First, in general effects do not self-stack, that is, repeated applications of the same effect have no further effect but just extend the duration. This is explicitly called out in the case of magic effects; for non-magic effects, the rules are more vague, but Intimidate has those retry rules.

The Intimidate retry rules read as saying that most NPCs will not respond to a second Intimidate check—either the first was successful and they are as frightened as they are going to be via the skill, or it didn’t and they are now resolute. Which seems kind of dumb to me but then, the social skills are really, truly dumb in many ways more serious than this.

In addition to being my reading of the rules, this “one shot” interpretation definitely seems to be there consensus online, in my experience. I have never played with or spoken with anyone who read the rules differently (houseruled them differently, yes, but as an explicit houserule).

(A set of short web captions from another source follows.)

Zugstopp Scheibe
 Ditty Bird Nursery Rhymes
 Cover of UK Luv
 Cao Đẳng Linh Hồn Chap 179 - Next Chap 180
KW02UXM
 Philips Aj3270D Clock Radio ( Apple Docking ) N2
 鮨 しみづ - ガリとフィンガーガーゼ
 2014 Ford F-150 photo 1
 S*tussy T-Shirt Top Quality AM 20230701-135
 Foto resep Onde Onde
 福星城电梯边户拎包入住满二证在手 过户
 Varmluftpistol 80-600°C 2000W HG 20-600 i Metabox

But your bard need not necessarily give up here. There are feats and effects that can improve the demoralize effect to frighten or panic foes, even force them to cower in fear. The fearsome magic armor property and the Imperious Command feat from Drow of the Underdark, as well as the Never Outnumbered skill trick from Complete Scoundrel, are great places to start with that kind of thing. Also, the Doomspeak feat from Champions of Ruin is a more magical form of debuff, but it’s thematically similar, bard-specific, and absolutely devastating, so worth a look. For more, I recommend the Intimidate section of the Fear Handbook.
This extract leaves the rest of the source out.